◆ **Data in this exercise**
====
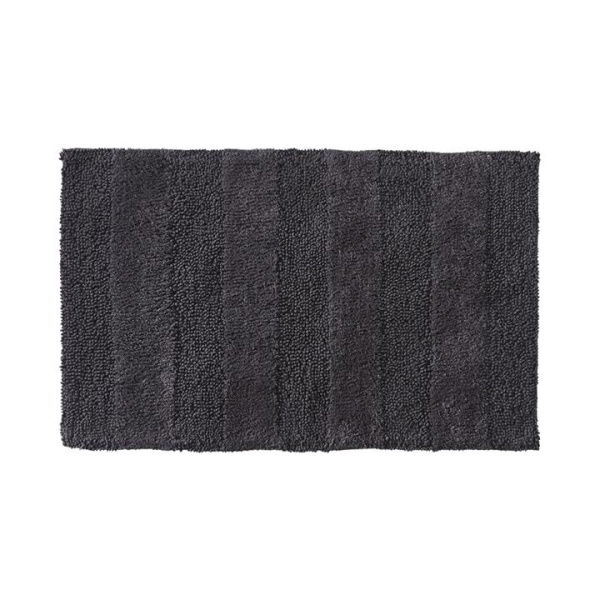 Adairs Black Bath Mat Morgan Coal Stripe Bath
====
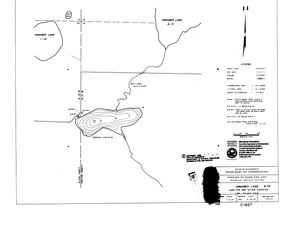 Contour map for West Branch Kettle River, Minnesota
====
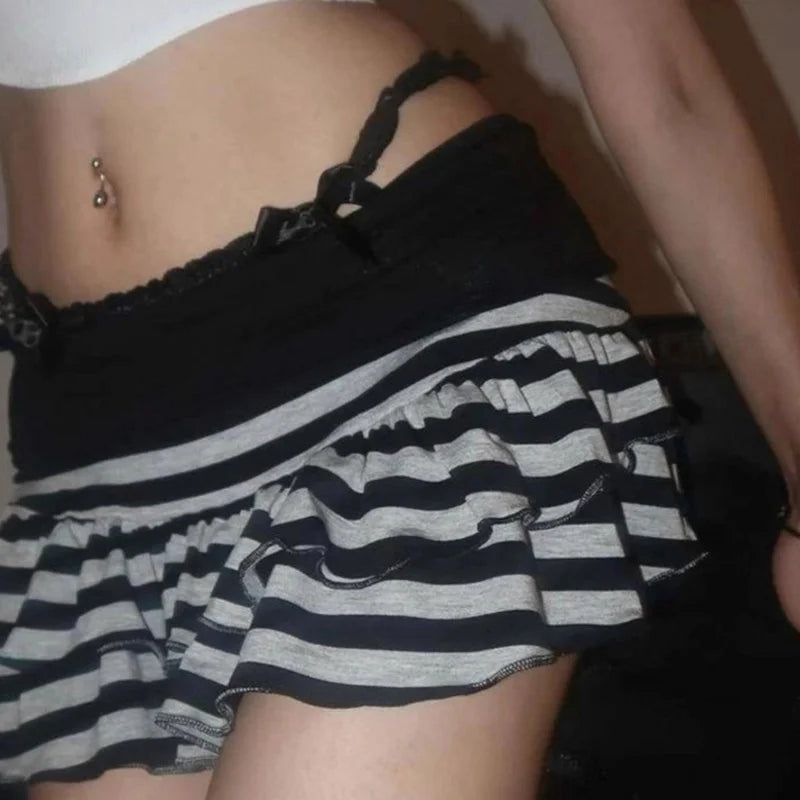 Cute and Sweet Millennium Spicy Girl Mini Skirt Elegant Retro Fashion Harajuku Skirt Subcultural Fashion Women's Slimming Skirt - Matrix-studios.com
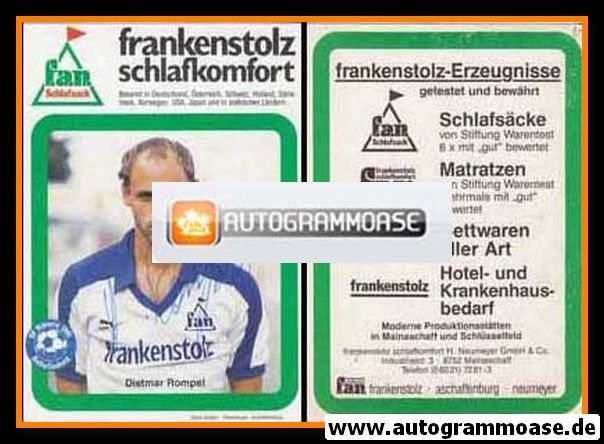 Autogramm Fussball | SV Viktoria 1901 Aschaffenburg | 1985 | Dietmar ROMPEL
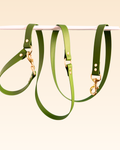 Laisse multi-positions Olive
====
◆ **Task prompt**
The reply should hold exactly the lines above, starting at the line with "Cute and Sweet" and ending at the line with "Laisse multi-positions Olive", and no pictures.

◆ **Exercise result**
 Cute and Sweet Millennium Spicy Girl Mini Skirt Elegant Retro Fashion Harajuku Skirt Subcultural Fashion Women's Slimming Skirt - Matrix-studios.com
 Autogramm Fussball | SV Viktoria 1901 Aschaffenburg | 1985 | Dietmar ROMPEL
 Laisse multi-positions Olive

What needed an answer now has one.